Truefoundry provides the PromQL expressions of the most commonly used alerts which should suffice for most usecases. So you don’t need to necessarily learn PromQL to setup alerts.

  1. Severity: This is the severity of the alert which is used to categorize if the alert needs immediate attention or not. It can be either warning or critical. This can be used in PagerDuty to route the alert to the proper channel.
  2. Notification Channel: This is the channel where the alerts will be sent once they are triggered.
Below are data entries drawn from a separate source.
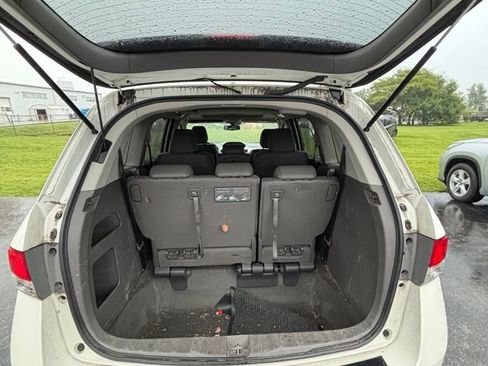 Used 2017 Honda Odyssey EX-L image 8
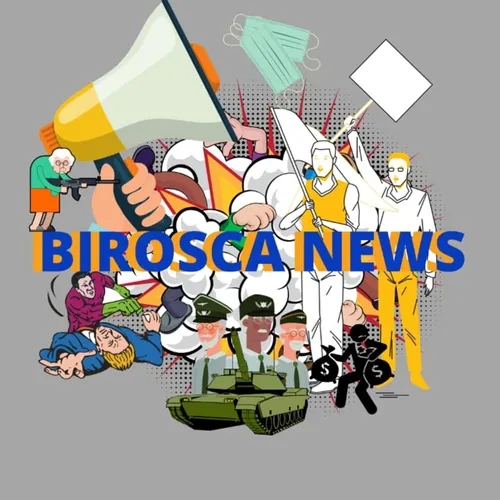 #BiroscaNews 253 Hom8fobia no  Navio da Xuxa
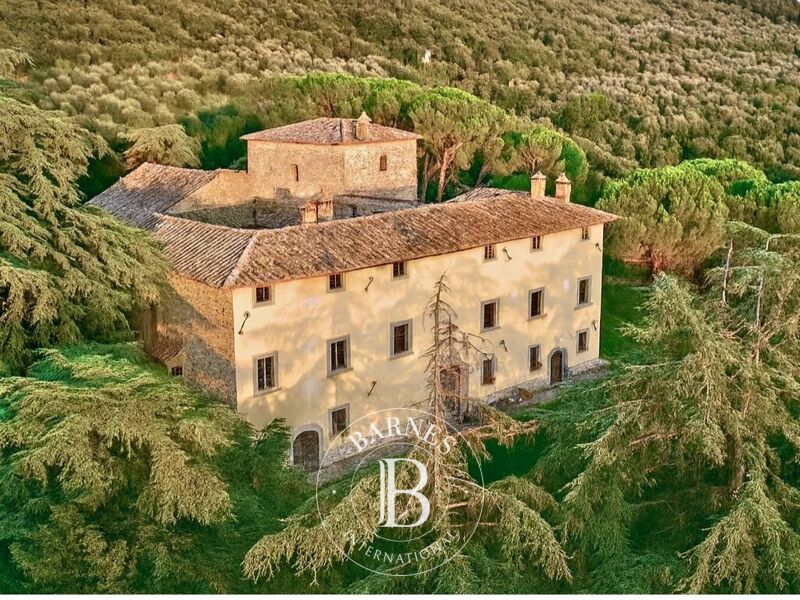 À vendre, Château Arezzo - picture 3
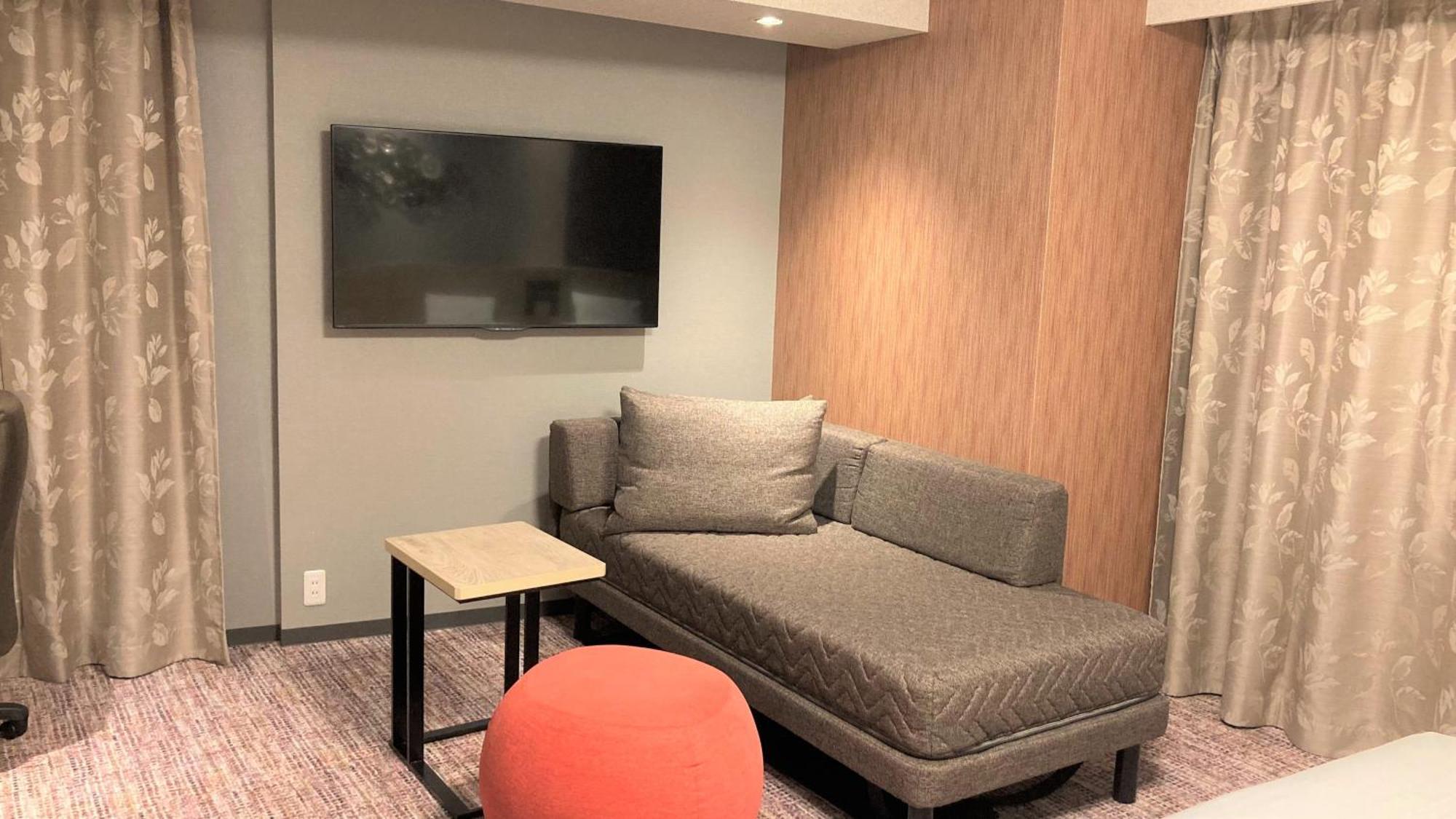 Richmond Hotel Akita Ekimae חדר תמונה
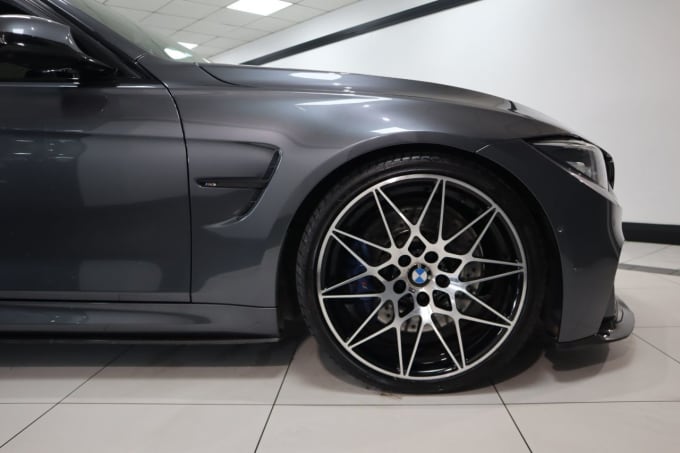 2025 BMW M3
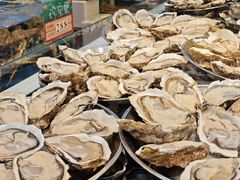 -飞尝蚝·顺德菜·鱼生(顺德总店)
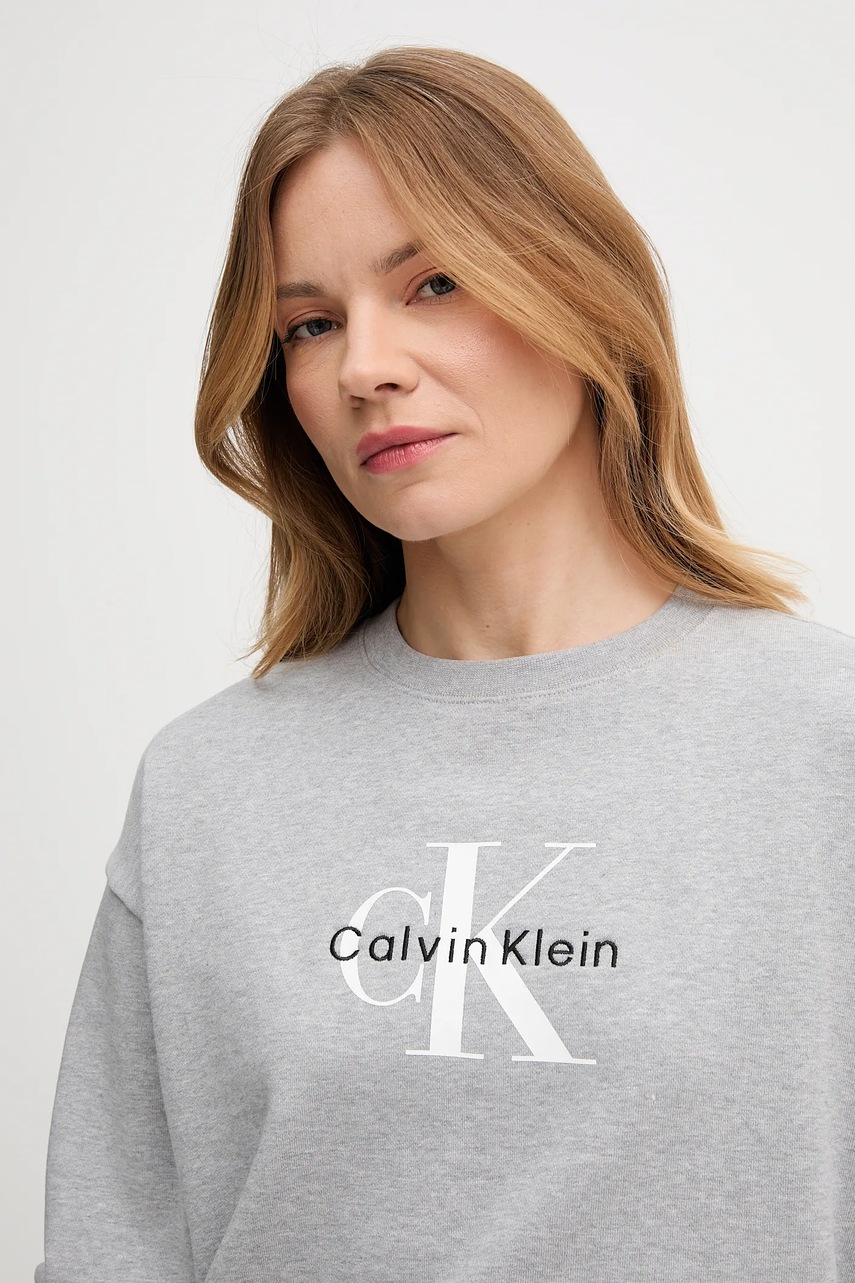 Μπλούζα Calvin Klein Jeans φωτογραφία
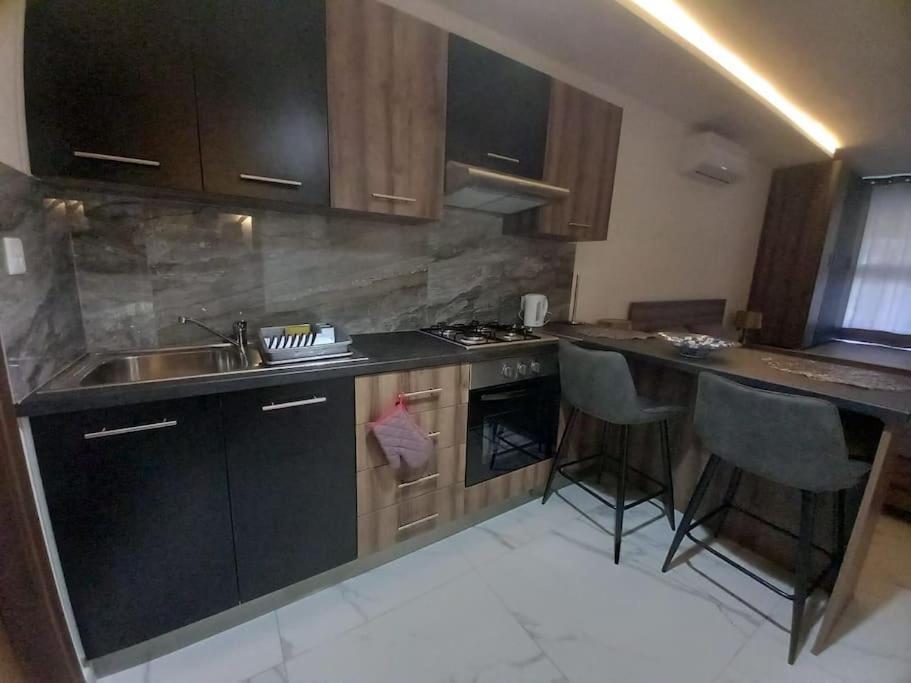Brand New 1 Bedroom Studio Flat Gudja Eksteriør billede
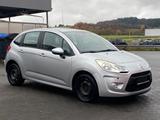 Citroën C3 Tendance Klima *Garantie*Euro5 PDC - gebrauchte Citroën C3 aus dem Jahr 2010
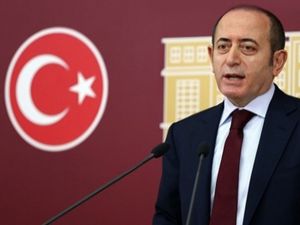 CHP'li Akif Hamzaçebi: İstanbul Belediye Başkanlığı'na adayım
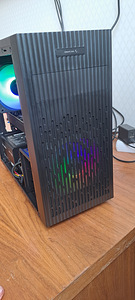 Arvuti Ryzen 5 5600X/RTX3060TI/32GB/MSI B450M (4 foto / 6)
Setting up alerts in Truefoundry Services

To setup alerts, you need to follow the steps below:

1. Setup Notification Channels

You need to create an integration with either Slack, Email or PagerDuty before setting up a notification channel. If this is not already done, please refer to Adding slack, email, and pagerduty integrations documentation.

Before setting up the alerts, you have to configure the notification channels and add one or more notification channels to send alerts to.

There are Three types of notification channels:

  • Email: Select the email provider integration fqn from the dropdown and enter the email addresses to send alerts to.
  • SlackBot: Select the SlackBot integration fqn from the dropdown and enter the Slack channel names to send alerts to.
  • PagerDuty: Select the PagerDuty integration fqn from the dropdown to send alerts to that PagerDuty service.

Click Add Targets to configure multiple notification channels.

Define Alert Rule

When you create a new application, you can see that there are already some alerts available for your application which are created by TrueFoundry, though these alerts are already there, you have to enable the notification for them to get alerts notifications.

Default Alerts

1. HighCPUThrottleRate

Description: This alert is triggered when the container CPU throttling rate exceeds 25% in the last 5 minutes, indicating CPU resource exhaustion.

2. PodIsCrashLooping

Description: This alert is triggered when a pod restarts more than 5 times within a 1 hour period, indicating a crash loop.

3. PodIsNotHealthy

Description: This alert is triggered when a pod is not in a running state for more than 15 minutes. This can happen if the pod is in pending, unknown, or failed status.

4. RequestSuccessRateIsLow

Description: This alert is triggered when the service failure rate (5XX responses) is greater than 5% in the last 5 minutes.

Creating your own custom alerts

You can create alerts for any application type (Service, Job, Helm, Volume, etc.) using the Create Alert Rule form in the UI.

Fill out the alert rule form:

  • Name: A descriptive name for your alert.

  • Description: (Optional) Briefly describe what this alert monitors.

  • Prometheus Expression: Enter the Prometheus query that defines the alert condition. For example:

    sum(rate(http_requests_total{status!="2xx"}[5m])) by (service) > 5
    

    This triggers if there are more than 5 non-2xx HTTP responses in 5 minutes for any service.

  • Trigger After (seconds): How long the condition must be true before triggering the alert.

  • Severity: Choose between Warning and Critical.

  • Notification Enabled: Enable or disable notifications for this rule.


How Alerts Work

  • When the Prometheus expression evaluates to true for the specified duration, an alert is triggered.
  • Notifications are sent to all configured targets (Email, SlackBot, etc.).
  • You can configure multiple alerts for the same application, each with different conditions.

Best Practices

  • Use descriptive names and descriptions for your alerts.
  • Test your Prometheus expressions in the Prometheus UI before using them in alerts.
  • Set appropriate severity levels to distinguish between warnings and critical issues.
  • Regularly review and update your alert rules as your application evolves.

Troubleshooting

  • Ensure your notification channels are correctly configured and active.
  • If you do not receive alerts, check the Prometheus expression and ensure it matches your application’s metrics.

With this setup, you can proactively monitor all your TrueFoundry applications and receive timely notifications to keep your systems healthy and reliable.